*Instructions to follow*
Only the lines below from the one that holds "Demon Slayer: Kimetsu" through the one that holds "Bēšs adīts kardigans" should appear in the answer, copied exactly, end lines included and pictures omitted.

*Supplied material*
<<<<
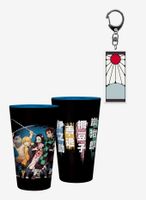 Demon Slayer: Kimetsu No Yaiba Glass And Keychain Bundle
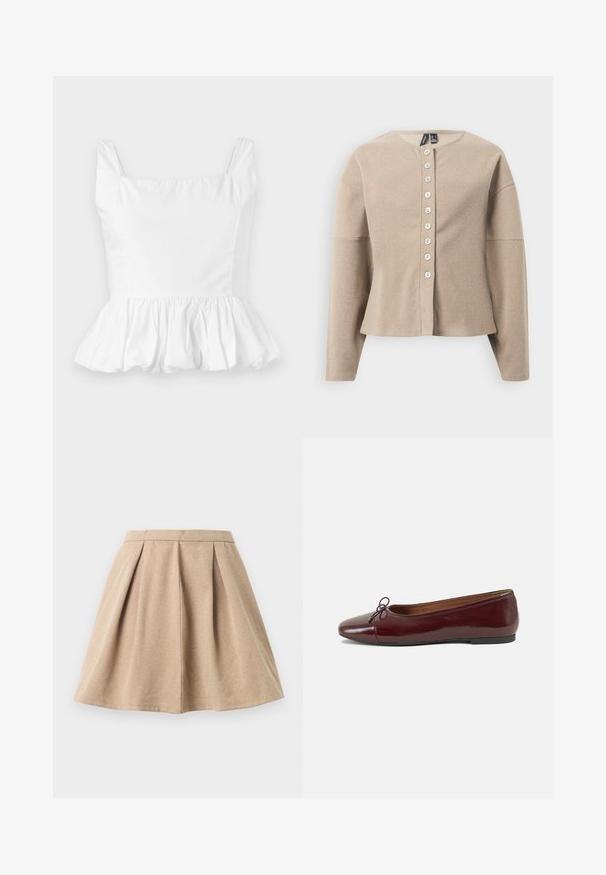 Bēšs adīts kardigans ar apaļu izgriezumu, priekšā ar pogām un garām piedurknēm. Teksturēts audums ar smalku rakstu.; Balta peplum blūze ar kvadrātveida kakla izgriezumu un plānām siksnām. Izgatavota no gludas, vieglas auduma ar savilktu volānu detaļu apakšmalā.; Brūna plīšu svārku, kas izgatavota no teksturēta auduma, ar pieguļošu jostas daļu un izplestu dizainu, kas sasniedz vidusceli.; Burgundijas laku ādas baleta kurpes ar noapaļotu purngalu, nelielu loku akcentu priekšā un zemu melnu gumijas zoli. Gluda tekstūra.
>>>>
<<<<
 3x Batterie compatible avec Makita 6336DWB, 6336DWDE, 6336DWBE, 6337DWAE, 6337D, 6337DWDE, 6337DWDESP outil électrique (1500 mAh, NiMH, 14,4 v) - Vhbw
>>>>
<<<<
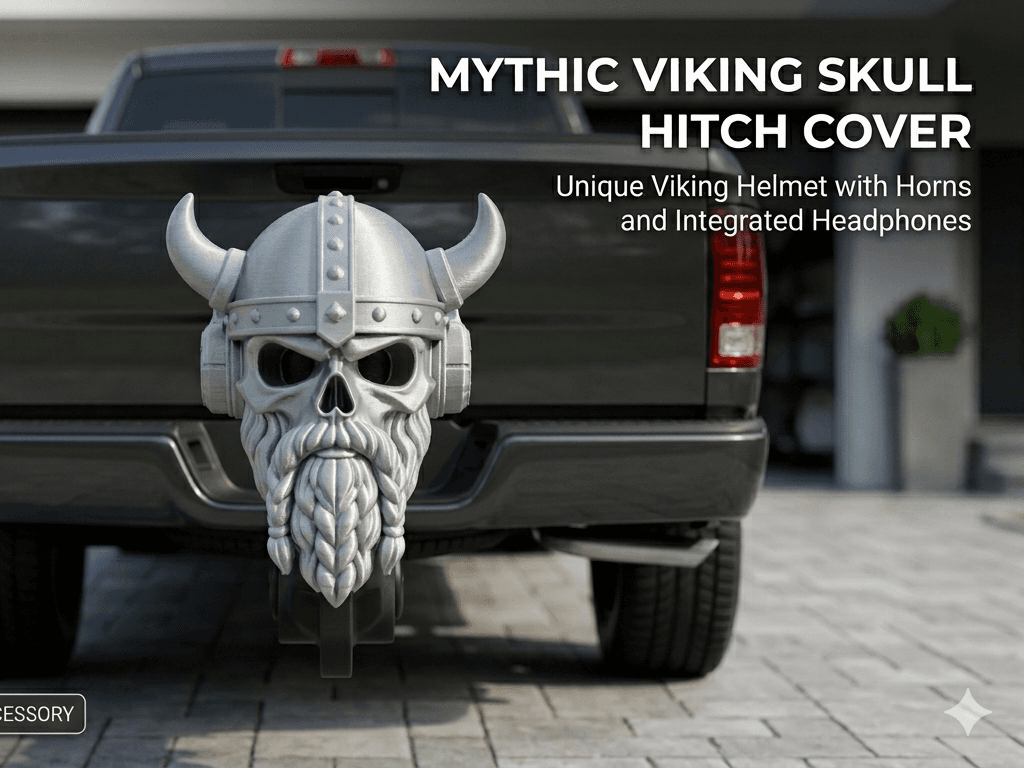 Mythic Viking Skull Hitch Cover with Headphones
>>>>
*The answer*
 Demon Slayer: Kimetsu No Yaiba Glass And Keychain Bundle
 Bēšs adīts kardigans ar apaļu izgriezumu, priekšā ar pogām un garām piedurknēm. Teksturēts audums ar smalku rakstu.; Balta peplum blūze ar kvadrātveida kakla izgriezumu un plānām siksnām. Izgatavota no gludas, vieglas auduma ar savilktu volānu detaļu apakšmalā.; Brūna plīšu svārku, kas izgatavota no teksturēta auduma, ar pieguļošu jostas daļu un izplestu dizainu, kas sasniedz vidusceli.; Burgundijas laku ādas baleta kurpes ar noapaļotu purngalu, nelielu loku akcentu priekšā un zemu melnu gumijas zoli. Gluda tekstūra.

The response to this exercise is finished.